■ INSTRUCTIONS TO FOLLOW
The task calls for the lines below from the line with "hummel Hmlauthentic Kids" to the line with "NHL Toronto Maple Leafs - Champions 16", both ends included, copied exactly, without any pictures.

■ DATA FOR THE TASK
Content starts

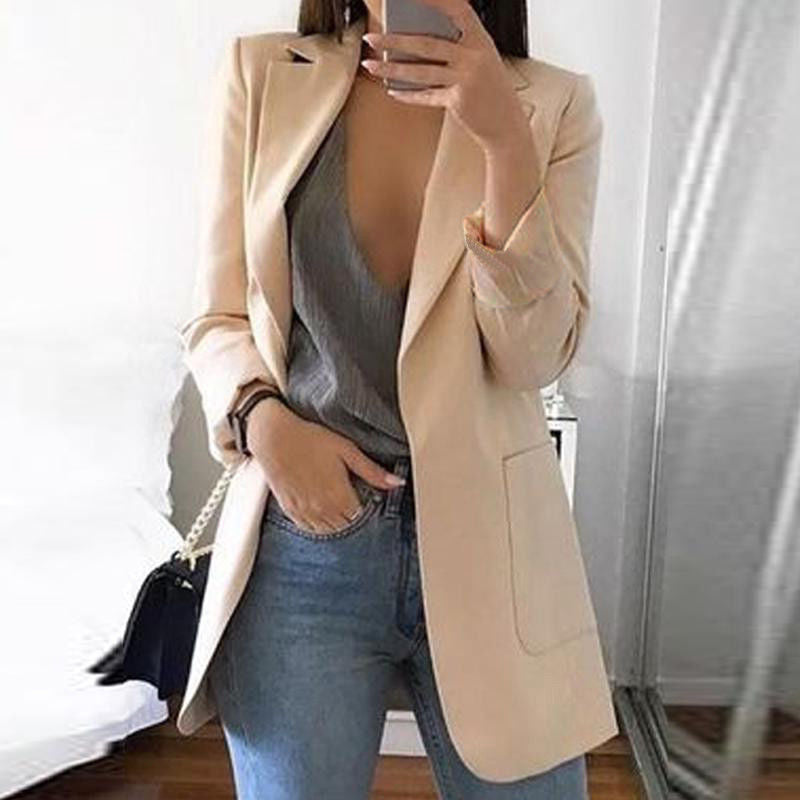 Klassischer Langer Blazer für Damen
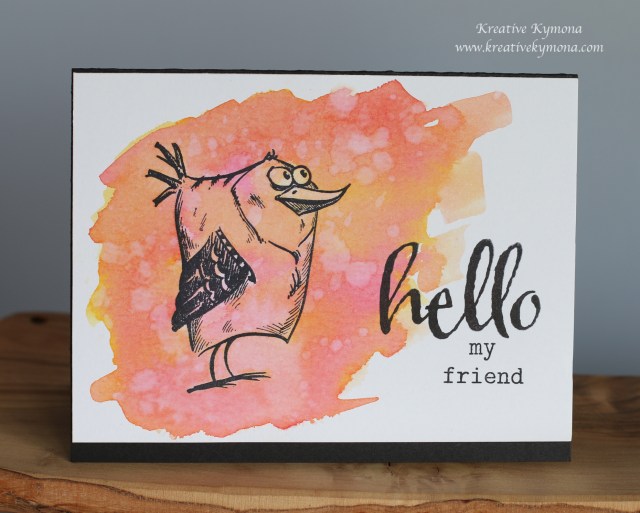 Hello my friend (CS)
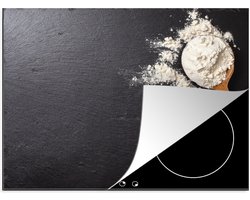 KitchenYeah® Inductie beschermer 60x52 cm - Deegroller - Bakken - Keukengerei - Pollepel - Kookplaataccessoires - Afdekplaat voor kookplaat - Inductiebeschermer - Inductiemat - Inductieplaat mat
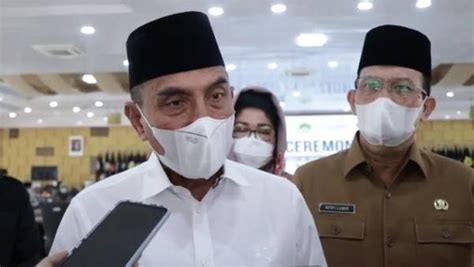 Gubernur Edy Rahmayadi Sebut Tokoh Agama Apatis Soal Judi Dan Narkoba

Content ends
Content starts

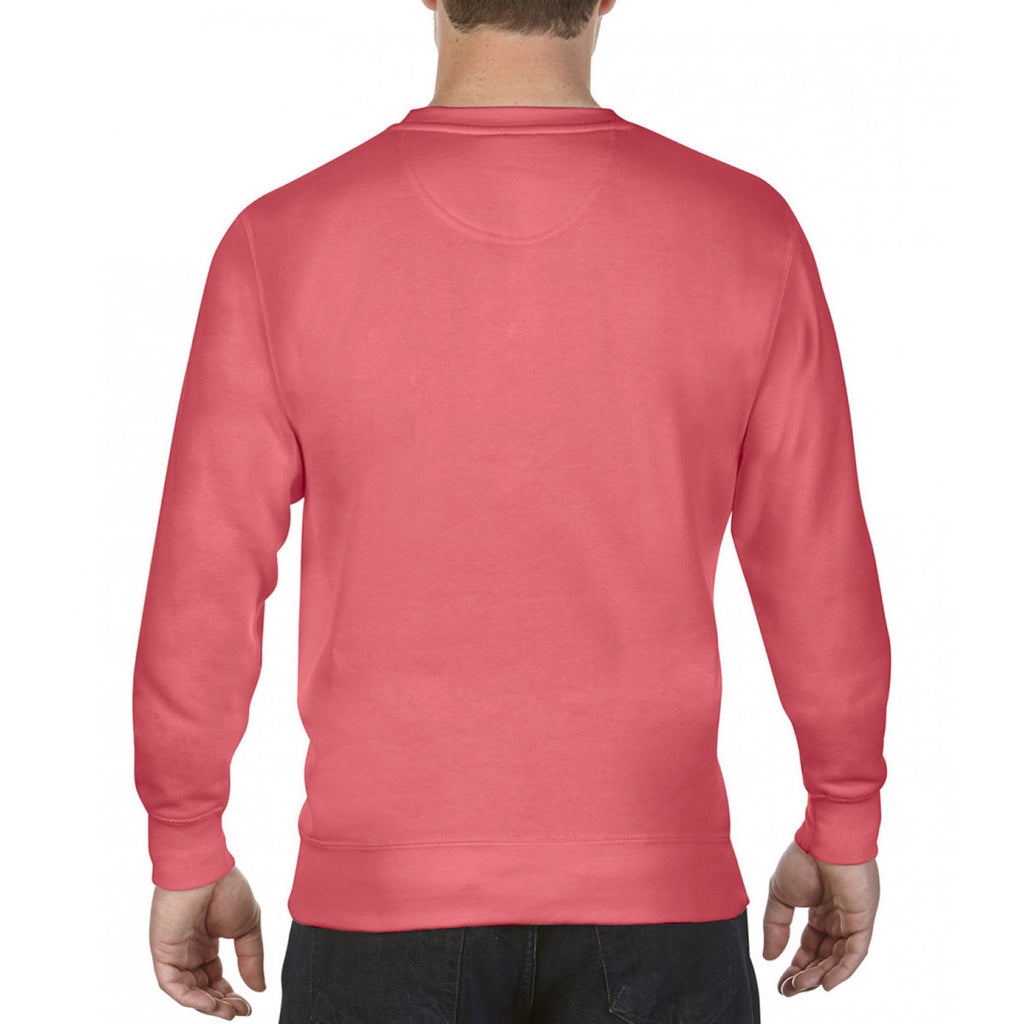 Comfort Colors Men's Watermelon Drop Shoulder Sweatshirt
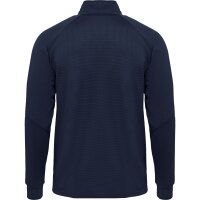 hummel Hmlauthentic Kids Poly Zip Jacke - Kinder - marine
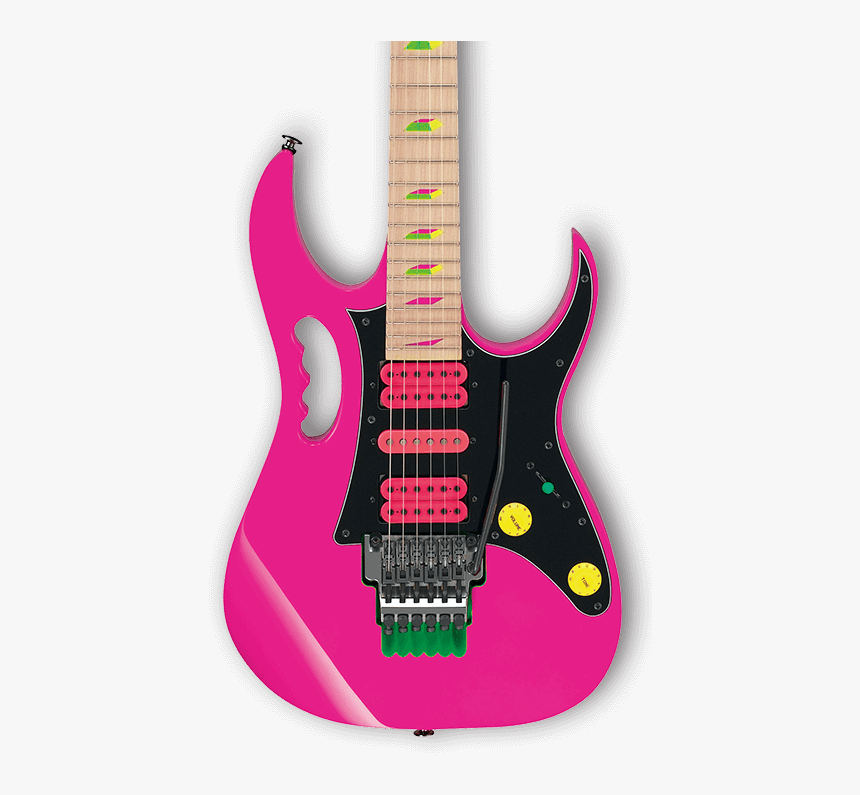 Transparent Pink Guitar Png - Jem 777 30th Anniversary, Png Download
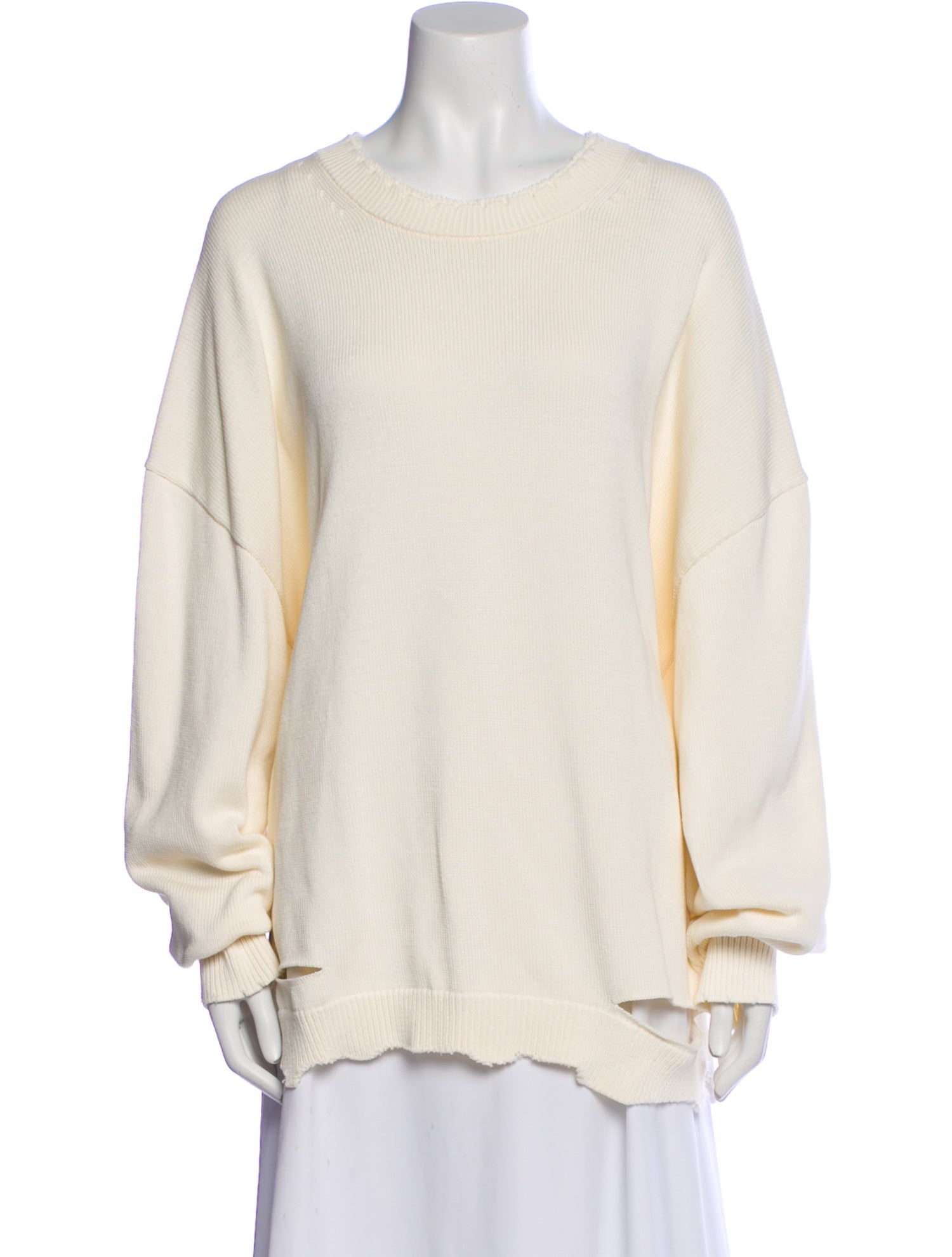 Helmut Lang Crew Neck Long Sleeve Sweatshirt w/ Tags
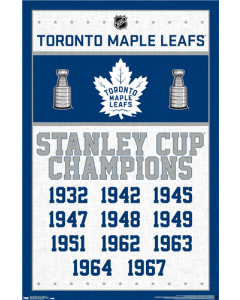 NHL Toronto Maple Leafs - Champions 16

Content ends

■ RESULT OF THIS EXERCISE
 hummel Hmlauthentic Kids Poly Zip Jacke - Kinder - marine
 Transparent Pink Guitar Png - Jem 777 30th Anniversary, Png Download
 Helmut Lang Crew Neck Long Sleeve Sweatshirt w/ Tags
 NHL Toronto Maple Leafs - Champions 16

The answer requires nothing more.